- Born: 12 July 1921 Delft, the Netherlands
- Died: 2 May 2012 (aged 90) Sint-Truiden, Belgium
- Occupation: Belgian painter
- Movement: Expressionism, Excessivism

= Bram Bogart =

Dutch born (1921) Belgian 1969) expressionist painter (1921–2012)

Bram Bogart (12 July 1921, Delft – 2 May 2012, Sint-Truiden) was a Belgian expressionist painter associated with the COBRA group.

==Early life and education==
Abraham van den Boogaart was born in Delft, the Netherlands, the son of Abraham van den Boogaart, a blacksmith.

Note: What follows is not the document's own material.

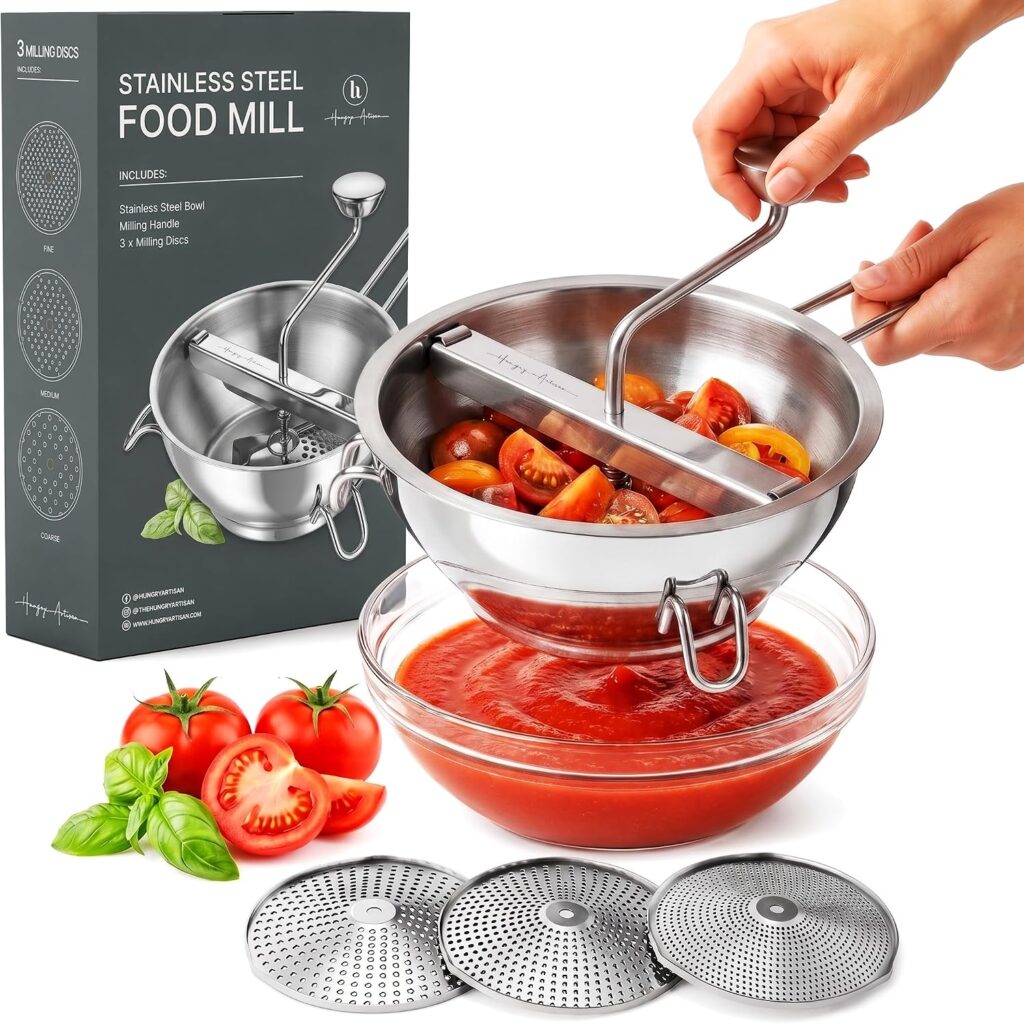 Ergonomic Food Mill Stainless Steel with 3 Grinding Milling Discs-Rotary Food Mill for Tomato Sauce,…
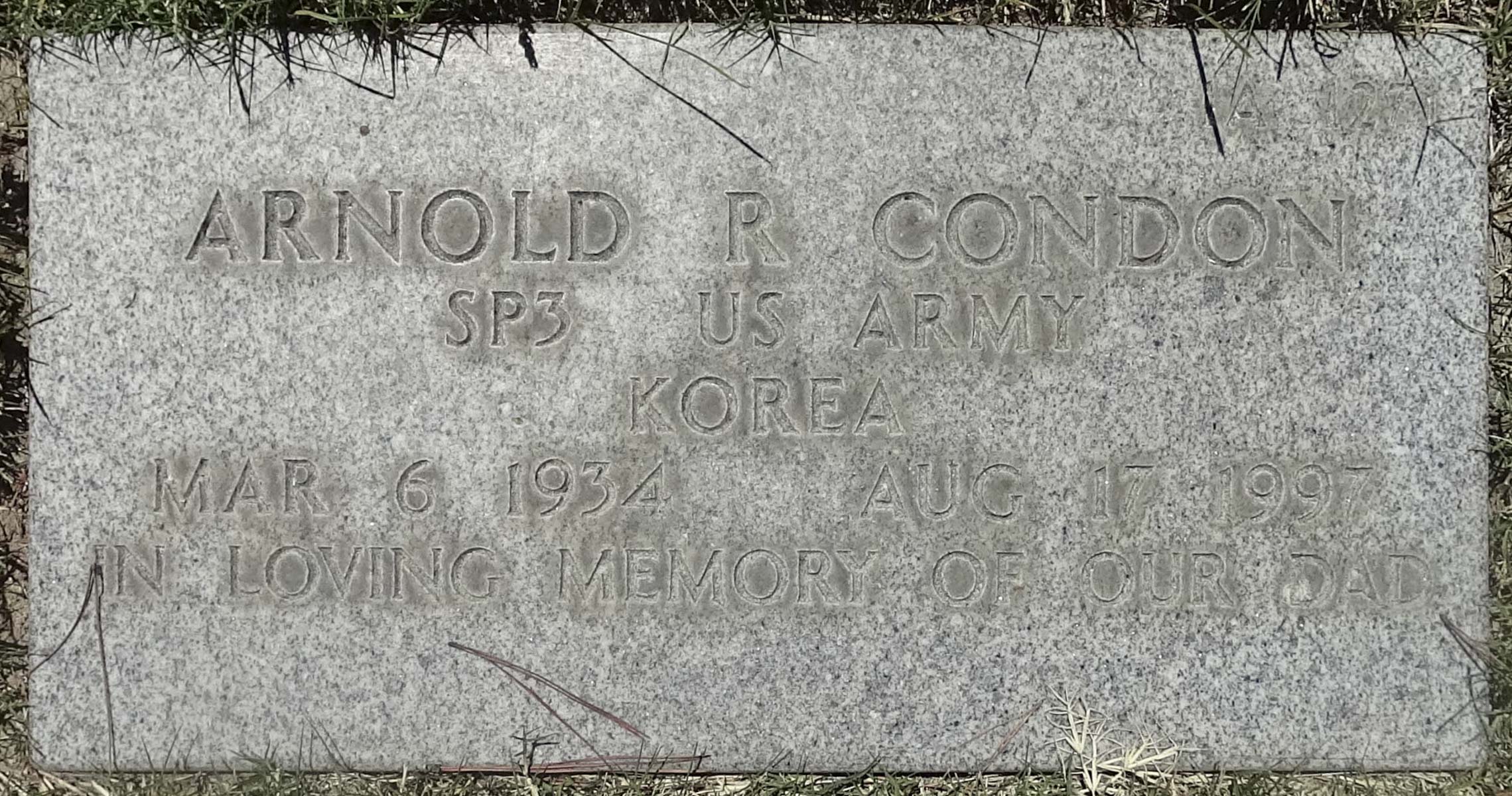 Gravesite marker image for arnold r condon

He attended a technical school, and trained for a career as a decorator, while taking a correspondence class in drawing.

==Career==

Following his education Bogart took a job with an advertising concern in Rotterdam. Subsequent to World War Two the then twenty-five-year-old painter settled in Paris, France, where he was among the founders of Art Informel. At first he experimented with cubism and figurative drawing, depicting flowers, still life and self-portraits. In the 1950s he began to concentrate on working with impasto. With thick layers of boldly applied and colourful paint, he developed an expressionist style which became more abstract with time.

In 1961 he and his later to be wife Leni permanently relocated to Belgium and in 1969 he became a Belgian citizen. Here he began to experiment with a more three-dimensional medium, a mix of mortar, siccative, powdered chalk, varnish, and raw pigment, applied to large, heavy wooden backing structures.

Bogart exhibited frequently in Antwerp and Ghent. In 1971 he represented Belgium at the Venice Biennale.

In 2011 the Bogart presented an exhibition in celebration of his 90th birthday, a display of his Monochrome paintings, held at the Bernard Jacobson Gallery in London. A retrospective of his work was also exhibited at Galerie Jean-Luc and Takako Richard in Paris. Bogart died on 2 May 2012 in Sint-Truiden, Belgium, at the age of 90.